Supplied information >>

<<<<

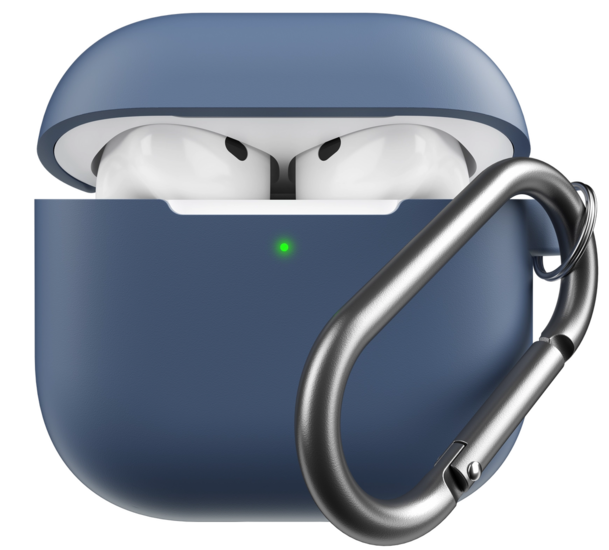 Keybudz Elevate AirPods 4 hoesje blauw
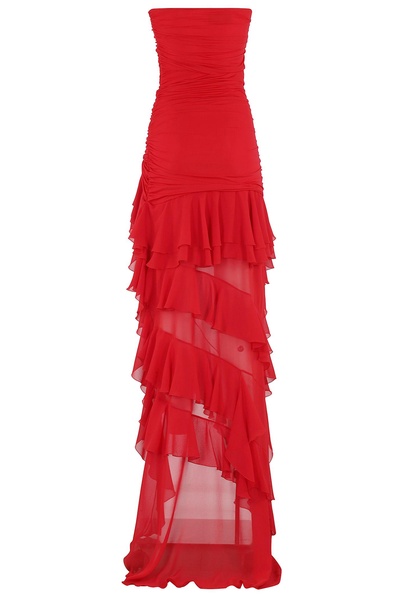 Georg Dress W/ruffle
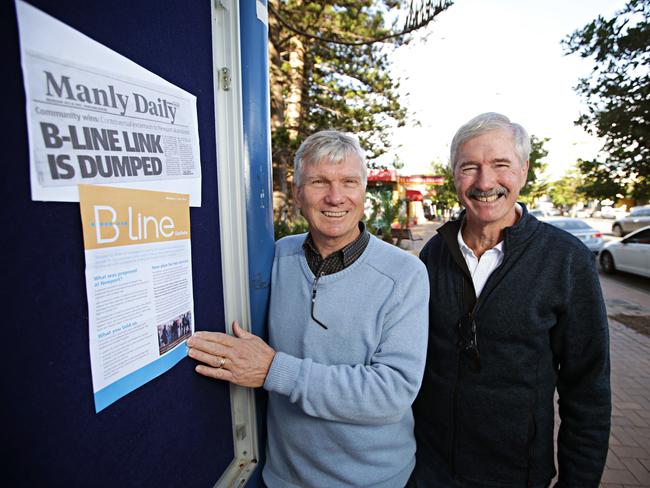 Newport Residents Association member Peter Middleton and association president Gavin Butler Picture: Adam Yip / Manly Daily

>>>>

Would it be possible to give the material above again exactly, with the pictures left out?

 Keybudz Elevate AirPods 4 hoesje blauw
 Georg Dress W/ruffle
 Newport Residents Association member Peter Middleton and association president Gavin Butler Picture: Adam Yip / Manly Daily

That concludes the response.